Sabtu, 07 November 2015

Artikel Pemanfaatan Limbah Udang sebagai Bahan Alternatif Pengawet

L
imbah udang yang berupa kulit, kepala dan ekor dengan mudah didapatkan. Dalam limbah tersebut mengandung senyawa kimia yang berupa kitin dan kitosan. Senyawa ini dapat diolah karena hal ini dimungkinkan karena kitin dan kitosan mempunyai sifat sebagai bahan pengemulsi koagulasi, reaktifikasi kimia yang tinggi dan menyebabkan sifat polielektrolit kation sehingga dapat berperan sebagai penukaran ion dan dapat berfungsi sebagai absorben logam berat dalam air limbah
Dalam pembuatan  dari limbah udang dapat dilakukan melalui tiga tahap yaitu proses deproteinasi, proses demineralisasi dan proses deasetilasi. Penghilangan protein melalui proses kimia (deproteinasi) dilakukan dengan menggunakan larutan NaOH 5%. Penghilangan kandungan mineral melalui proses kimiawi (demineralisasi) dilakukan dengan menggunakan larutan HCl 1N, sedangkan deasetilasi dilakukan dengan cara pemanasan dengan menggunakan NaOH 50%.            Tetapi salah satu kelebihan lainya dari kitin dan kitosan adalah kitosan dapat digunakan sebagai pengawet bahan makanan yang tidak berbahaya untuk dikonsumsi yaitu dengan menggunakan bahan kimia (NaOH dan HCl) yang minimal.
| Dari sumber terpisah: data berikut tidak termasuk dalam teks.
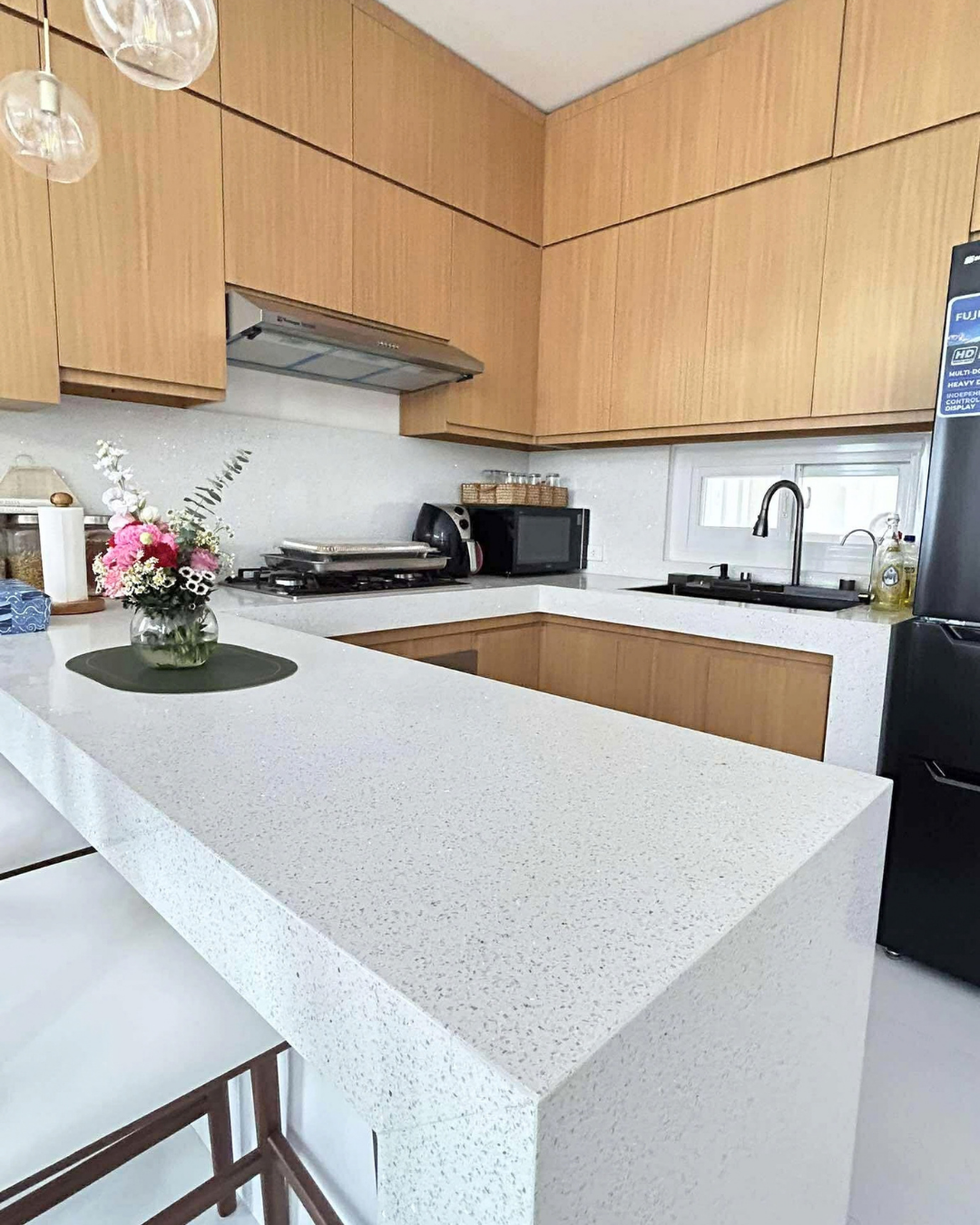 Crystal White (Quartz)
Pemanfaatan limbah tersebut diharapkan dapat bermanfaat sebagai bahan baku industri khususnya di bidang pangan, dan juga layak dikonsumsi sebagai pengawet bahan makanan yang tidak berbahaya bagi tubuh.
            Proses deproteinasi dilakukan dengan cara tepung limbah udang dengan berat tertentu, dimasukkan dalam labu leher tiga dengan penambahan NaOH 5% dengan volume tertentu. Perbandingan antara berat limbah udang dengan volume NaOH 5% adalah 1:15 (weight/volume). Ekstraksi dilakukan selama 2 jam pada suhu 100ºC untuk menghilangkan kandungan proteinnya. Hasil deproteinasi lalu disaring untuk diambil residunya dan dicuci menggunakan air sampai pH netral, kemudian residu dikeringkan dalam oven dengan suhu 600C.
Proses demineralisasi, residu hasil deproteinasi yang telah dicuci sampai pH netral dan dikeringkan dimasukkan ke dalam labu leher tiga dengan penambahan  HCl 1N dengan volume tertentu. Ekstraksi dilakukan selama 1 jam pada suhu 80ºC untuk menghilangkan kandungan mineralnya. Hasil demineralisasi lalu disaring untuk diambil residunya dan dicuci menggunakan air sampai pH netral, kemudian residu dikeringkan dalam oven. Residu hasil demineralisasi yang telah dikeringkan disebut kitin.
Proses deasetilasi yaitu mengubah kitin menjadi kitosan , kitin dimasukkan ke dalam labu leher tiga dengan penambahan NaOH 40% dengan volume tertentu. Ekstraksi dilakukan selama 2 jam pada suhu 110ºC. Hasil deasetilasi lalu disaring untuk diambil residunya dan dicuci menggunakan air sampai pH netral, kemudian residu dikeringkan dalam oven. Residu dari hasil deasetilasi inilah yang disebut kitosan. Kemudian hasil dianalisis derajat deasetilasi, kadar abu, kelarutan, dan viskositasnya untuk mengetahui mutu kitosan .
Kemampuan dalam menekan pertumbuhan bakteri disebabkan kitosan  memiliki polikation bermuatan positif yang manpu menghambat pertumbuhan bakteri sehingga baik digunakan sebagai bahan pengawet makanan. Indikator parameter daya awet hasil pengujian dengan menggunakan limbah udang antara lain :
1.     Keefektifan dalam mengurangi jumlah lalat yang hinggap.
2.     Keunggulan dalam uji mutu penampakan dan rasa, dimana hasil riset, menunjukkan penampakan ikan asin dengan coating chitosan lebih baik bila dibandingkan dengan ikan asin kontrol (tanpa formalin dan kitosan ) Keefektifan dalam menghambat pertumbuhan bakteri, dimana nilai TPC (bakteri) sampai pada minggu kedelapan perlakuan, pelapisan kitosan  masih sesuai dengan SNI (Standar Nasional Indonesia) ikan asin, yakni dibawah 1 x 105 (100 ribu koloni per gram).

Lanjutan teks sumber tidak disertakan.